**Dataset records**
★ ★ ★ ★ ★ ★ ★

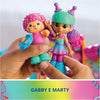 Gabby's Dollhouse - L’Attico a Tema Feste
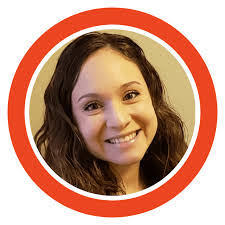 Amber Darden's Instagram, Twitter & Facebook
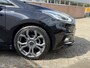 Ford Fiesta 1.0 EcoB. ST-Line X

★ ★ ★ ★ ★ ★ ★

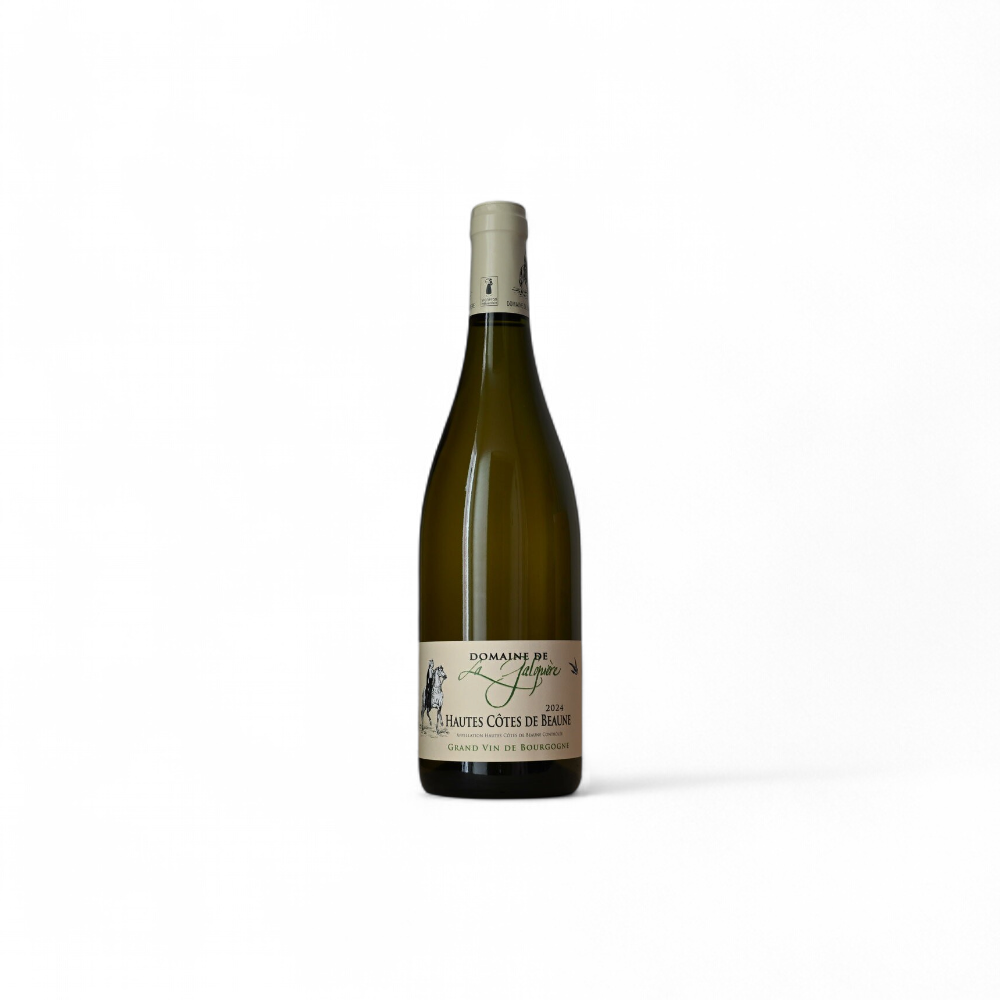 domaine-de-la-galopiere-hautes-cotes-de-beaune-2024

★ ★ ★ ★ ★ ★ ★

**Try it**
Between and including the line above that contains "Gabby's Dollhouse - L’Attico a Tema Feste" and the line that contains "Ford Fiesta 1.0 EcoB. ST-Line X", restate every line word for word. Pictures stay out.

**Exercise response**
 Gabby's Dollhouse - L’Attico a Tema Feste
 Amber Darden's Instagram, Twitter & Facebook
 Ford Fiesta 1.0 EcoB. ST-Line X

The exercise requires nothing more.